Der Exot unter den ŠKODA 130 RS: Prototyp A5

14. 12. 2022

Die Fahrer liebten ihn, die Rivalen fürchteten ihn – und auf den Renn- und Rallyepisten erntete er mehr Respekt als jedes andere ŠKODA Motorsportmodell vor ihm. Lange galt der ŠKODA 130 RS als bester Sportwagen aus Mladá Boleslav, der Heimatstadt von ŠKODA. Kein Wunder, dass das sportliche Coupé zu den größten Legenden des tschechischen Motorsports gehört.

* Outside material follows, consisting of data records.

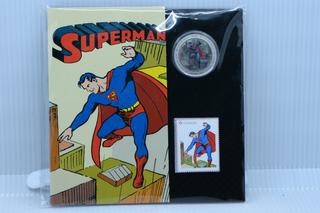 2013 Canada Superman Holographic Silver Coin & Stamp Set.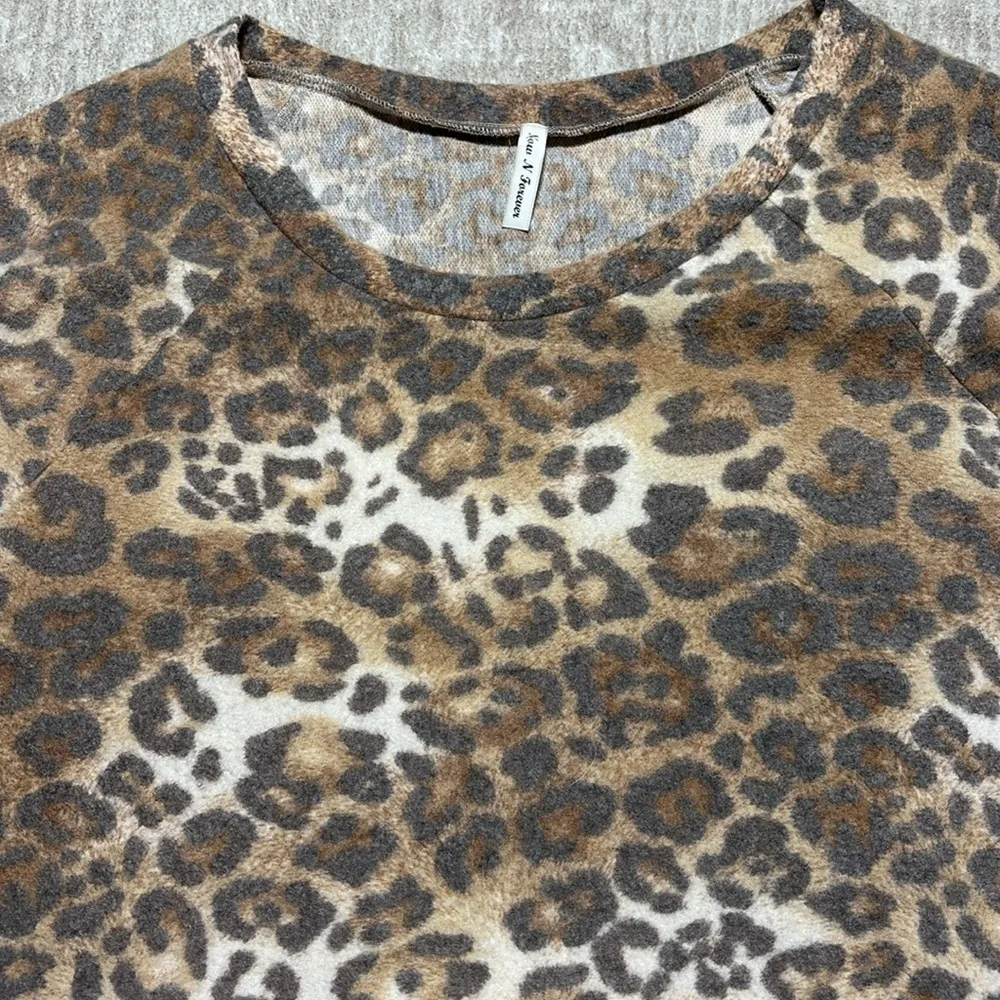 3X (2x) Now and forever fleece leopard print comfy pullover top long sleeve Brown - Image 2
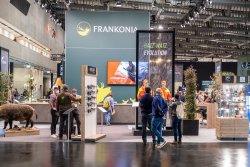 Frankonia nutzt die IWA, um seiner Rolle als Großhändler gerecht zu werden und pflegt hier die Kontakte zu seinen Geschäftspartnern und Kunden aus dem Waffeneinzelhandelsbereich.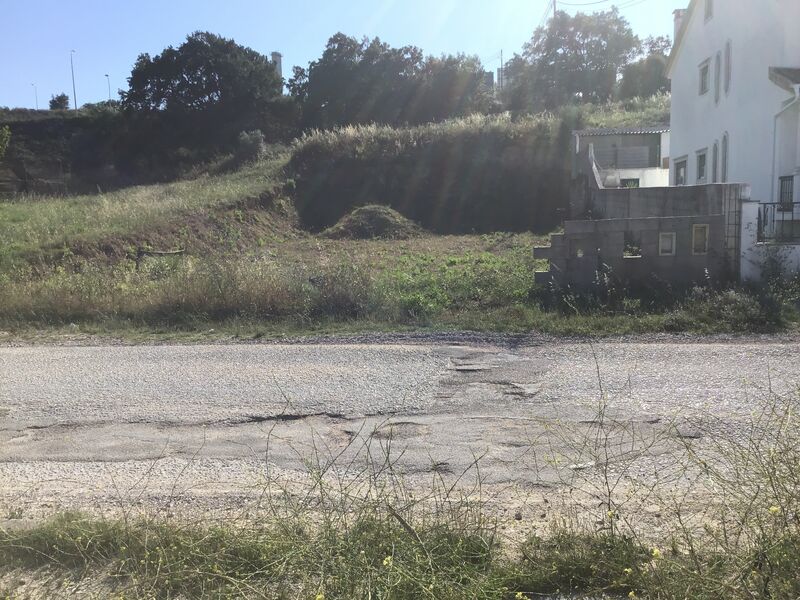 Venda Lote com projecto aprovado Cancela do Leão Torres Novas - bons acessos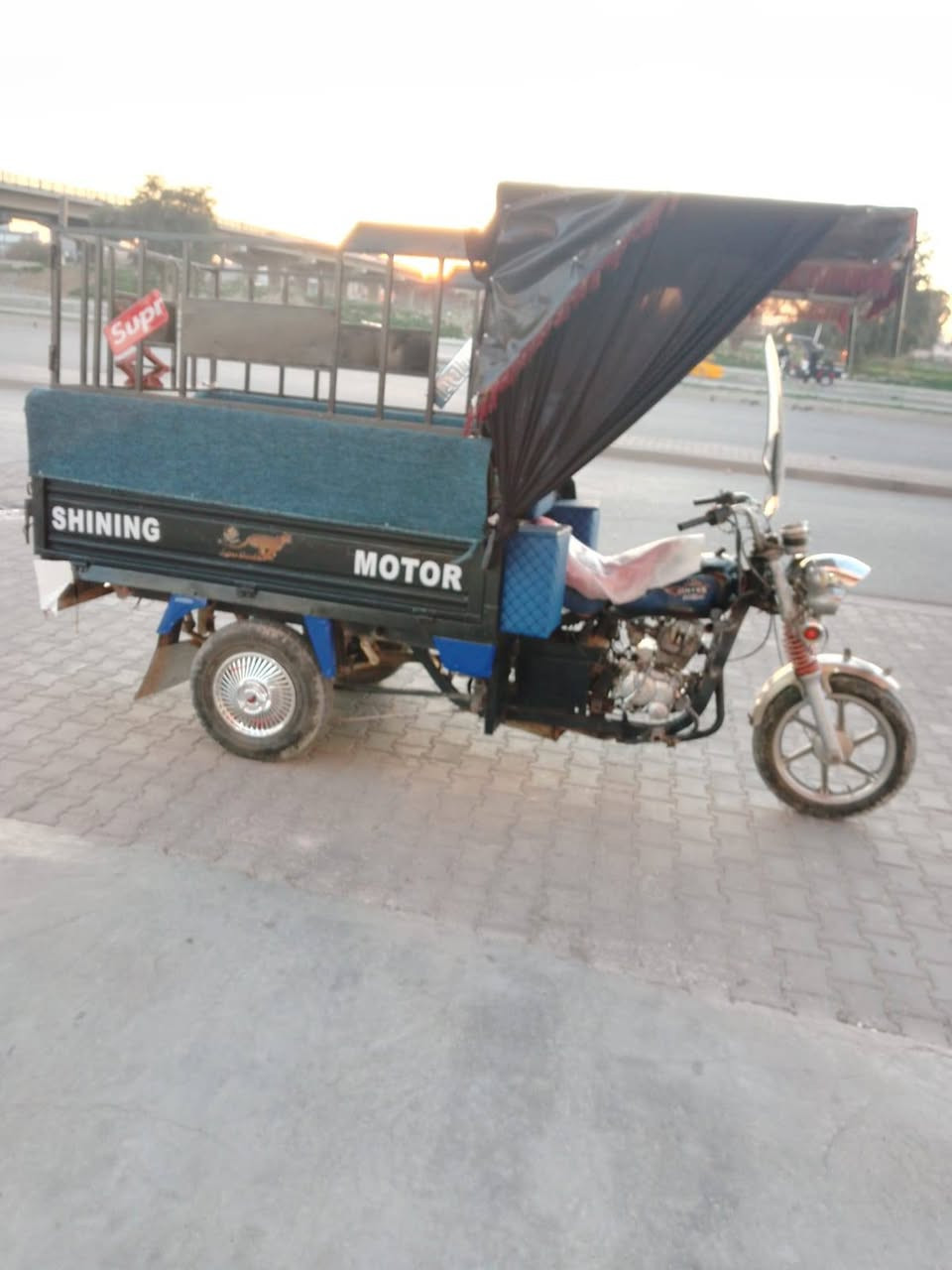 سلام عليكم عمي ستوته البيع موديل 21نضافه فول وجهازة محرك بل شرط 23ستوته فحل قلاب كهربائية كله شغله بس نقص باتري مصبوغه جماليه ستوته هاي كدام العين والي يريده يدلل سعر مليون و100)الرقم للاتصال *********** اوراق كامله ومنفيس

Während seiner aktiven Karriere fuhr der „Porsche des Ostens“ bei Rundstreckenrennen und Rallyes in zahlreichen Ländern unzählige Pokale ein. Am bekanntesten ist die Rallye-Variante, mit der der siebenfache Deutsche Rallyemeister und zweifache Klassensieger bei der legendären Rallye Dakar, Matthias Kahle, noch heute regelmäßig bei Veranstaltungen wie dem Eifel Rallye Festival antritt. Die spektakulären Drifts des potenten Hecktrieblers begeistern die Fans auch heute noch. Neben dem Rallye-Boliden entstanden im Laufe der Jahre eine Reihe weiterer, weniger bekannter Versionen des Coupés. In diesem Artikel stellen wir Ihnen den absoluten Exoten unter ihnen vor: den 130 RS A5.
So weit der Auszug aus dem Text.